This charming and exquisitely detailed Nativity reflects, in its iconography, the lasting impact of the mystical revelations of St. Bridget of Sweden and was composed between 1360 and 1370. The kneeling Virgin adores the Christ Child, divine light emanating from his naked body, while the whole scene is observed by the Heavenly Host and God the Father. From above, the dove of the Holy Spirit descends in a ray of light towards the infant. The kneeling shepherd and Saint Joseph at rest (not here holding a candle) derive from more conventional representations of the Nativity. Copies of the writings of Saint Bridget were known to have been in libraries in fifteenth century Siena - among them those of the Compagnia dei Disciplinati, San Francesco, Niccolo Borghesi and Giorgio Tolomeo.
Carl Strehlke (in, K. Christiansen, ed. op. cit. above) has suggested that this beautiful panel, which combines both naturalistic detail and a formal grace in composition, might have been commissioned by 'a member of the Compagnia dei Disciplinati with a special veneration for St. Bridget or a patron like Urbano di Pietro del Bello, rector of the hospital between 1445 and 1450 who commissioned the sacristy frescoes'. Its vertical shape and the large unpainted part originally covered by an engaged frame precludes the possibility that this once formed part of a predella and supports Strehlke's thesis that the original function of this panel was as an object of private devotion.

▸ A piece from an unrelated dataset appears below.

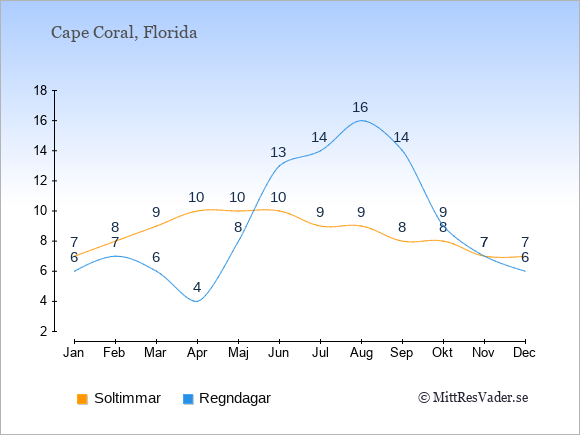 Vädret i Cape Coral exemplifierat genom antalet soltimmar och regniga dagar: Januari 7;6. Februari 8;7. Mars 9;6. April 10;4. Maj 10;8. Juni 10;13. Juli 9;14. Augusti 9;16. September 8;14. Oktober 8;9. November 7;7. December 7;6.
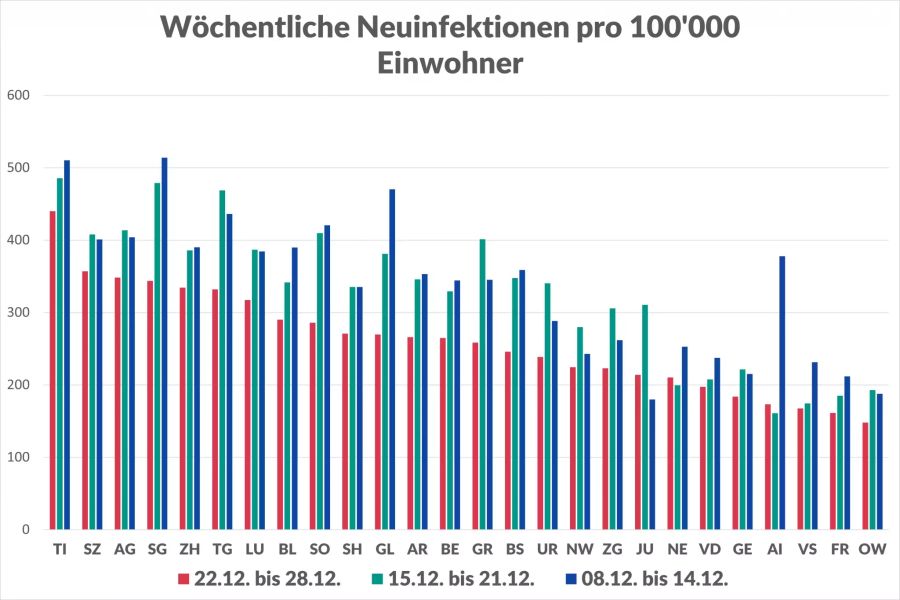 Coronavirus Kantone Inzidenz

Il Vecchietta - his nickname 'little old one' has so far not been explained - was almost certainly a pupil of Sassetta. However, although enrolled in the Siena painters' guild in 1428, he does not seem to have been active in Siena until 1439 and worked instead for much of his early career as an assistant to Masolino in Rome and then at Castiglione Olona near Milan where he painted a cycle of frescoes for Cardinal Castiglione Branda. These frescoes include a view of the Santo in Padua and it is likely that Vecchietta's personal interest in highly refined and complicated architectural settings - an interest he would pass on to Francesco di Giorgio - was inspired by the archeologically oriented humanism that flourished at that time in Northern Italy, particularly in Padua. Returning to Siena, Vecchietta was entrusted with another ambitious fresco program, this time the decoration of the Pilgrim's Hospice, which he executed during the 1440s. He would go on to enjoy the support of such enlightened patrons as Aeneas Piccolomini (Pope Pius II) and Niccolo Martinozzi but increasingly turned his attentions to sculpture. Like a number of Sienese painters, notably Neroccio de' Landi and Beccafumi, Vecchietta was extremely versatile, succeeding as a sculptor as well as a painter. His extant sculptures, all bronzes, include the famous Resurrection (Frick Collection, New York) and the Risen Christ (S. Maria della Scala, Siena) which is said to have influenced Michelangelo's marble of the same subject in S. Maria Sopra Minerva, Rome.
This devotional panel can be dated to the most fertile years of Vecchietta's production as a painter, the 1440s, and may be compared to a fresco of the same subject (fig. 1 - although, curiously, it incorporates an Annunciation) painted for the sacristy of Vecchietta's parish church where he was buried, S. Maria della Scala, between 1446 and 1449. The frontal arrangement of the scene, the angels hovering over the roof of the barn, the pose of St. Joseph, even the animals (though their positions are reversed in the fresco) are all so unmistakably similar as to argue for a similar date for the panel.